The housing 22 comprises an annular recess 40 bounded by two side walls 42 and 44, each perpendicular to the axis of rotation of the shaft 10, and a cylindrical wall 46. The radial depth of the recess is greater than that of the sealing ring 20, so that the wall 46 is spaced from the sealing ring. A bore 50 in the housing 22 leads to a cavity 48 defined between the sealing ring 20 and the cylindrical wall of the recess 40 and is connected through a conduit 52 to a source of fluid under pressure.
The radial clearance between the shaft 10 and the inner face 26 of the sealing element is such that, when no radial pressure is applied to the sealing ring (ie. when the fluid pressure in the cavity 48 is equal to the ambient pressure), there is considerable leakage of fluid from the space 14 between the shaft and the seal. In operation, fluid under pressure is supplied through conduit 52 and bore 50 to the cavity 48, and exerts a radially inward force on the elastomeric ring 30. This force is transmitted through the elastomeric ring to the sealing element 24 and causes it to contract, so that the clearance between it and the shaft 10 is reduced. As the fluid pressure applied to the sealing ring increases, the clearance between the sealing element 24 and the shaft 10 decreases and the leakage of fluid from the space 14 between the sealing element and the shaft decreases. The applied fluid pressure is increased until the leakage from the space 14 reaches an acceptably low level.
As long as the applied fluid pressure is not increased to too high a value, the hydrodynamic forces caused by rotation of the shaft then ensure that the film of fluid between the shaft and the inner face 26 of the sealing element 24 prevents physical contact between the element and the shaft. Wear on the sealing ring is therefore considerably reduced, as compared with known seals such as conventional gland packings and lip seals, in which there is no adjustment or control of the rubbing contact force between the seal and the shaft. In addition, the lack of, positive contact between the sealing ring and the shaft reduces considerably the heat generated in the region of the seal. The gap between the elastomeric ring 30 and the cylindrical wall 46 of the recess 40 allows the sealing ring to "float" in the radial direction, so that it can follow slight misalignment of the shaft 10 without uneven contact being made between the sealing surface 26 and the shaft. The use of fluid pressure to energise the sealing ring enables the sealing, and the leakage through the seal to be precisely controlled, and enables the control to be carried out remotely from the region of the seal.
It has been found that a satisfactorily low leakage rate can be obtained with an applied fluid pressure which is approximately equal to the pressure of the fluid to be sealed. This gives the possibility of using the same fluid to provide the energising pressure, for example by connecting the bore 50 or conduit 52 to a suitable location in communication with the space 14. This has the advantage that a separate source of pressurised fluid is not required.

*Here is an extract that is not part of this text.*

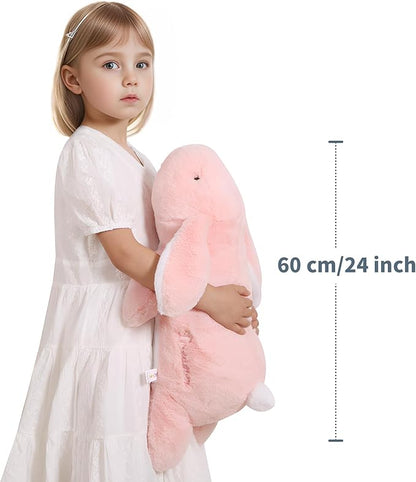 24 inch Cute Giant Weighted Bunny Plush Soft Body Pillow, Large Rabbit Weighted Stuffed Animals Toys plushies, Gift for Kids Girls and Boy, Birthday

It also has the advantage that, should the system pressure of the fluid to be sealed be reduced for any reason, the energising pressure applied to the sealing ring will simultaneously be reduced, so avoiding the risk of the sealing surface 26 being forced into contact with the shaft owing to the drop in pressure of the film of fluid between the sealing surface and the shaft. Similarly, any increase in the system pressure will produce a corresponding increase in the energising pressure. Many other installation variants of the seal are possible, for example all of those shown in EP 0125896A. Kinematic inversions of the installations also are possible, in which the shaft 12 is stationary and the part 14 rotates around it. Also in such cases it is in principle possible that the seal can be arranged "inside-out" with the elastomeric element 20 disposed radially inwardly of the element 24 and expanding it radially outwards. All variants of course embody one or more sealing elements 24 of the invention, examples of which now will be described in more detail.

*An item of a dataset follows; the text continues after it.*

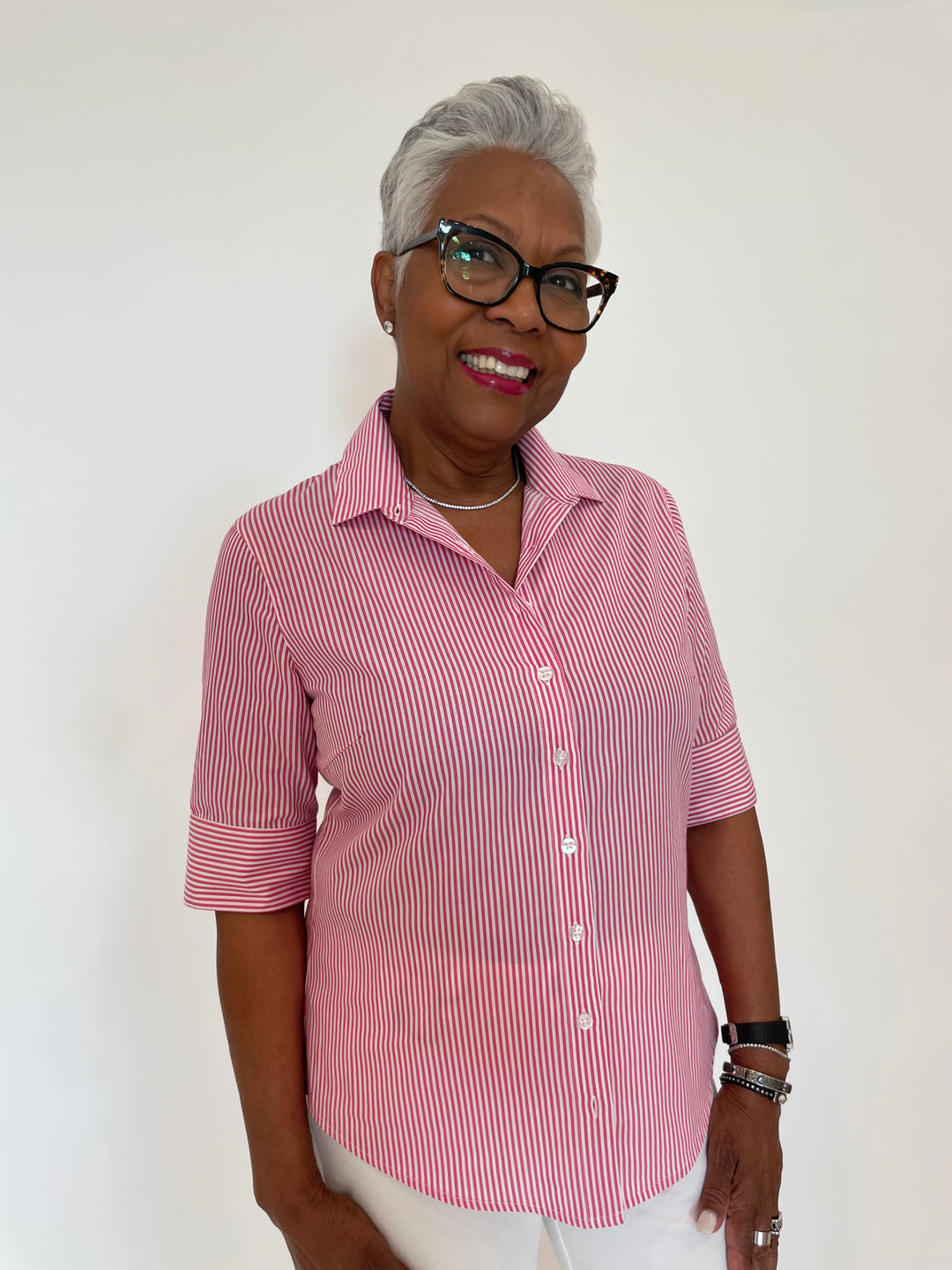 BK Salty Short Sleeve Stripe Button Down Shirt in Pink available at Barbara Katz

In a first embodiment, the sealing element 24 is of single-ply construction, and consists of one or more layers 27 (two are illustrated in FIG. 1) of woven fabric set in a phenolic resin loaded with PTFE powder, for example Tenmat® Feroform® T814. The fabric here is polyester, but could alternatively be of a different material, for example an aramid, or carbon fibre-based. The warp threads of the fabric run lengthwise of the element ie. circumferentially of the installed seal, and the weft threads run across the element. This is the preferred orientation, although for other applications it may be that the weft threads could run lengthwise, or the fabric could be disposed so that both warps and wefts are inclined at an angle to the length of the element 24. The phenolic resin is relatively stiff in compression and prevents any relative movement of different regions of the polyester fabric during use of the seal. In particular it prevents local circumferential compression (bunching-up) of the sealing element in which the spacing of the weft threads of the polyester fabric is locally reduced. The fabric on the other hand is relatively stiff in tension and prevents local circumferential stretching of the sealing element which would otherwise accommodate bunching elsewhere in the element.

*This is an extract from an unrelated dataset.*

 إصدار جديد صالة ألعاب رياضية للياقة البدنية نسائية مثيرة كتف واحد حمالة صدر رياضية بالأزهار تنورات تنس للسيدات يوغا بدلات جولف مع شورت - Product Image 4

The PTFE particles in the resin act as a dry lubricant and result in the sealing surface 26 having very low friction, and thus resistant to transient breakdown of the hydrodynamic film.
The sealing surface 26 may have arcuate grooves 31, FIG. 3, extending part-way across it from its upstream edge. Alternatively single-ended closed grooves 32 may extend from the upstream edge. These grooves promote the maintenance of the hydrodynamic film during use of the seal at lower rotational speeds then could be achieved with a totally smooth sealing surface. We believe that this is achieved by the grooves providing a local reservoir pressurised of fluid for the regions of the sealing surface remote from the space 14. With the same objective the sealing surface may be textured or patterned (33, FIG. 3), for example by providing only a relatively thin coating of phenolic resin over the fabric adjacent the sealing surface so that the outline of the woven fibres of the fabric shows through the resin as a reticulated pattern. The resulting interstitial depressions between the fibres act as local reservoirs of pressure fluid for the hydrodynamic film. Alternatively the sealing surface may be patterned by pressing it during curing against a plate having the inverse of the required pattern machined into its surface, or by machining the pattern directly into the cured material.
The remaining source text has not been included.